# Dolby Digital Sound



## brightonjohn (Mar 3, 2011)

Just had to do a re-start (from the menu) to get the Dolby Digital Sound to work - for some reason it had stopped working and the normal setting for Audio made no difference to it.

Anyone else had this problem tonight or at all?


----------



## geekspeak (Oct 1, 2002)

brightonjohn said:


> Just had to do a re-start (from the menu) to get the Dolby Digital Sound to work - for some reason it had stopped working and the normal setting for Audio made no difference to it.
> 
> Anyone else had this problem tonight or at all?


Not tonight no but I have had to reboot about 3 times so far specifically because of this problem.


----------



## stixe (Nov 13, 2002)

It happend to me a couple of weeks ago accused the kids of fiddling with the amp before reboot. I have had to reboot mine 3 times in the month and half I've had it keep getting message saying channel line up not found but if I delete it it goes away for a few days.

I am loathed to do anything about it as otherwise the box is proving excellent not one missed recording the suggestions are getting better.


----------



## Johnny_boy (Nov 19, 2000)

I'm getting popping noises from mine, I've had to turn on Dolby to PCM in the settings as it's really annoying every time I'm on an HD channel and press guide or change channel I get a loud squeal or speaker pop. I've had it less than 24 hours but this is apparently a known bug according to customer services. I've rebooted a couple of times but to no avail.
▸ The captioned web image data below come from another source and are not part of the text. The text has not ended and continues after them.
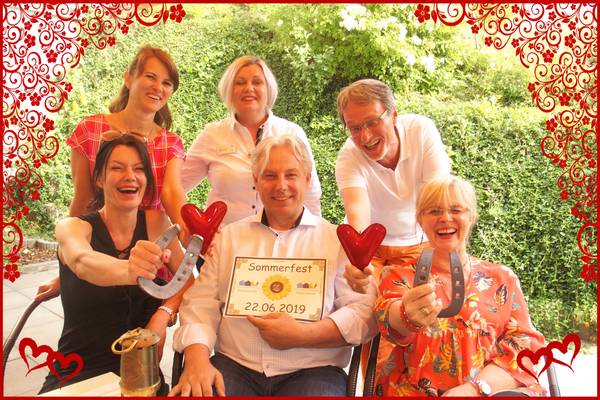 willy-wichtig-seniorenhaus-gartenstadt-097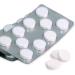 Sanotact Magnesium 400mg PUR - Vegan Chewing Tablets (30) | High-Dose Magnesium for Kids 12+ | Instant Effect | Fruity Lemon Flavor (2 Pack) - Buy Online on GoSupps.com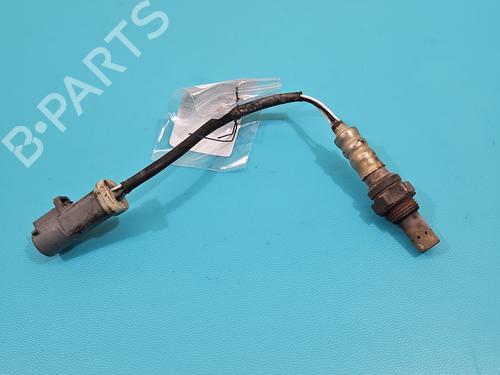 Electronic sensor MAZDA CX-9 (TB) 3.7 AWD (TB10A) | BP38143928M84 - Image 7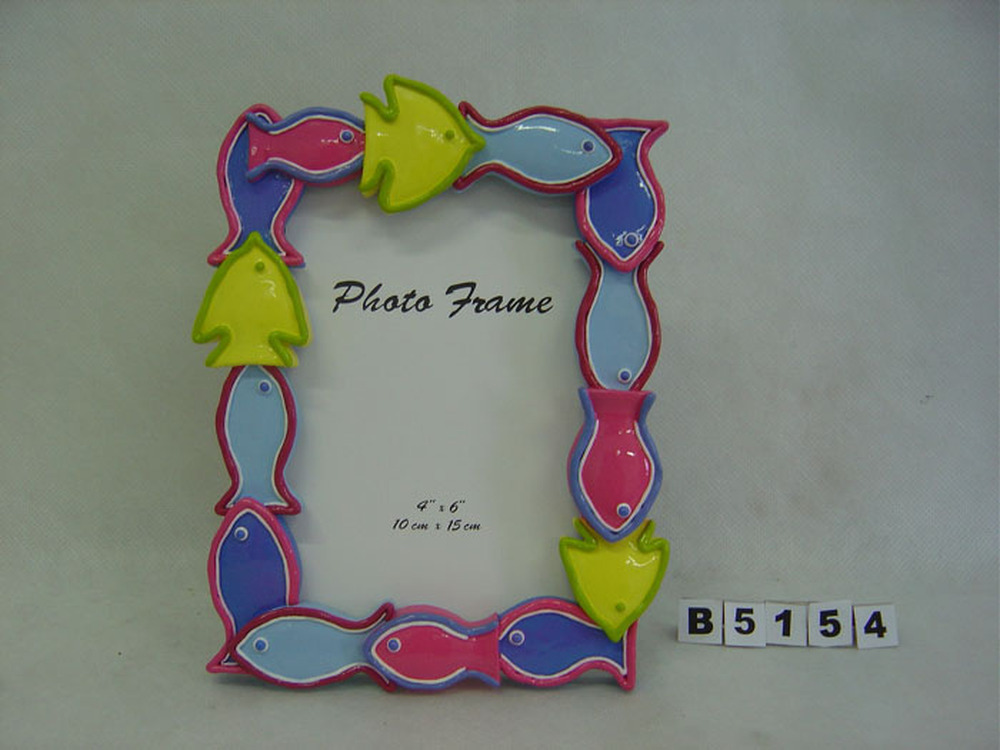 Other Material/Photo frame
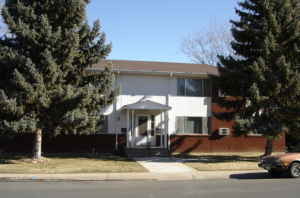 1504 N Estrella Ave, Unit 3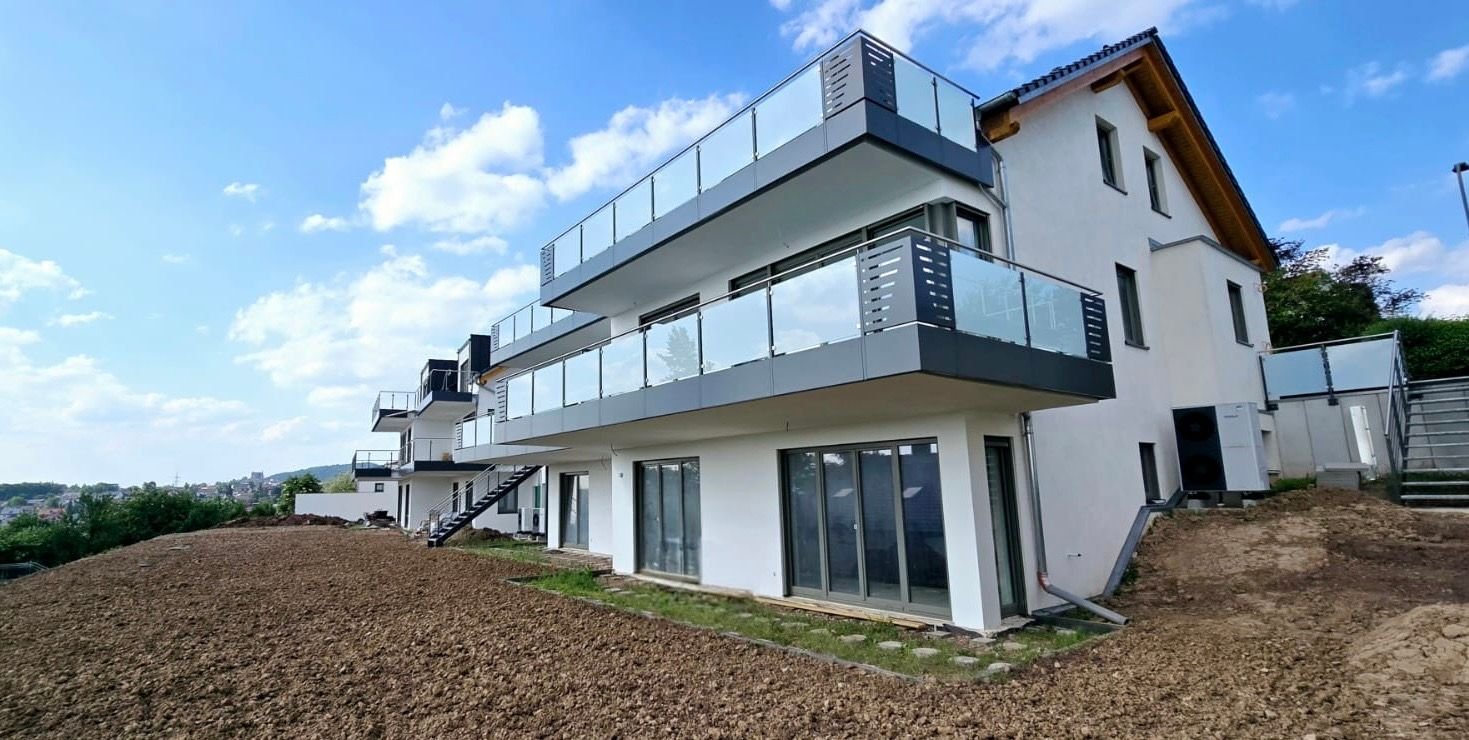 Einfamilienhaus zum Kauf provisionsfrei 1.050.000 € 6 Zimmer 239 m²<br/>Wohnfläche 400 m²<br/>Grundstück Künzell Künzell 36093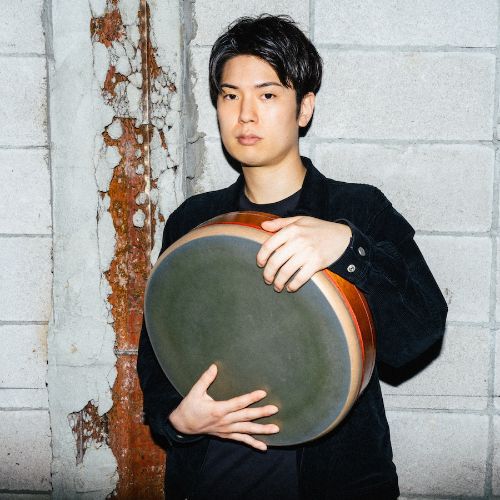木村鉱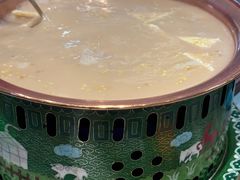 -哈啾嗨·新概念蒙餐(红星新城店)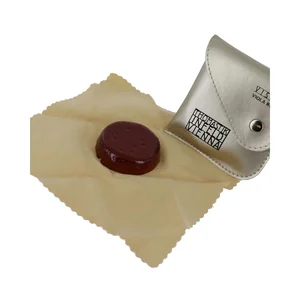 Thomastik Vision Rosin for Viola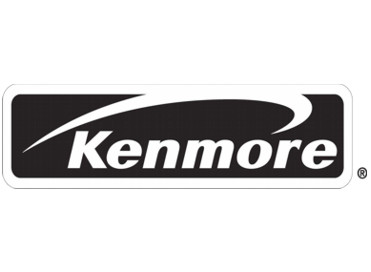 SERVICIO T&Eacute;CNICO KENMORE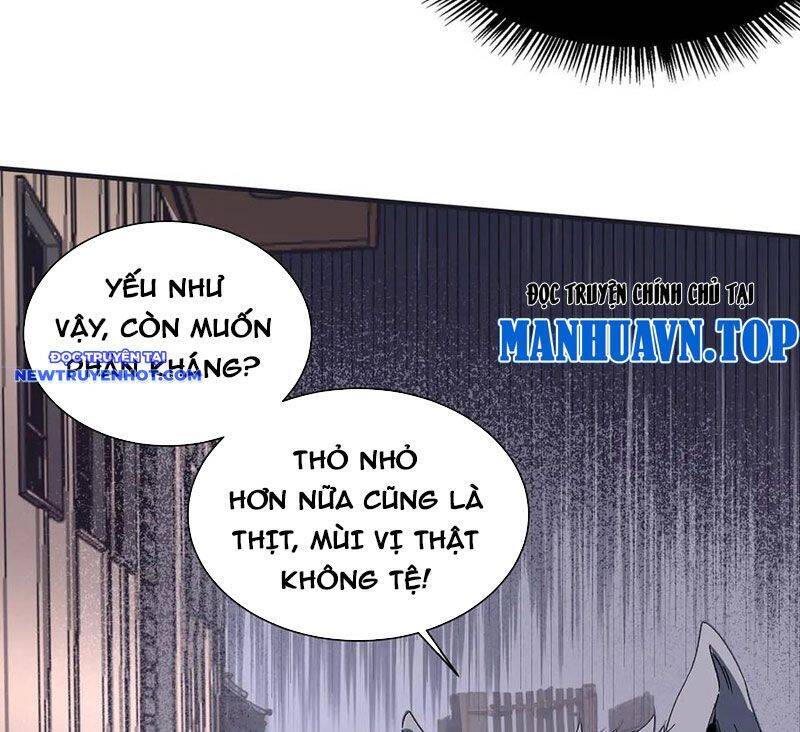 vô hạn thôi diễn chapter 26 105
This happens over HDMI as well through the telly.


----------



## OzSat (Feb 15, 2001)

Johnny_boy said:


> I'm getting popping noises from mine, I've had to turn on Dolby to PCM in the settings as it's really annoying every time I'm on an HD channel and press guide or change channel I get a loud squeal or speaker pop. I've had it less than 24 hours but this is apparently a known bug according to customer services. I've rebooted a couple of times but to no avail.
> 
> This happens over HDMI as well through the telly.


I've never had such a problem via optical in DD mode.


----------



## Mimizuku no Lew (Jan 3, 2011)

I think it's caused by the audio switching from DD to PCM when you change to an SD channel. Some Sky viewers reported a similar problem during the last NFL season when the broadcast on Sky Sports HD went to commmercial and switched from DD to PCM. It only affected some TVs and receivers though.


----------



## Johnny_boy (Nov 19, 2000)

Well this is bizarre! I reconnected the sky+ hd back up and had a fiddle with the telly settings and turned off Simplink on my LG telly (i saw a link elsewhere about this caising issues with no signal on video) and now I'm getting perfect Dolby and no popping. I'd switched inputs on the amp to get the Sky working but nothing else and this was only happening on the TiVo on Dolby mode but over HDMI as well so it was originating in the TiVo rather than the amp. Not sure exactly what I did but it's now working. I'll keep the engineer appointment on Monday and see how it goes between now and then.

Simplink on or off is making no difference. Wondering if some kind of audio loop was stopping the Dolby circuit kicking in....


----------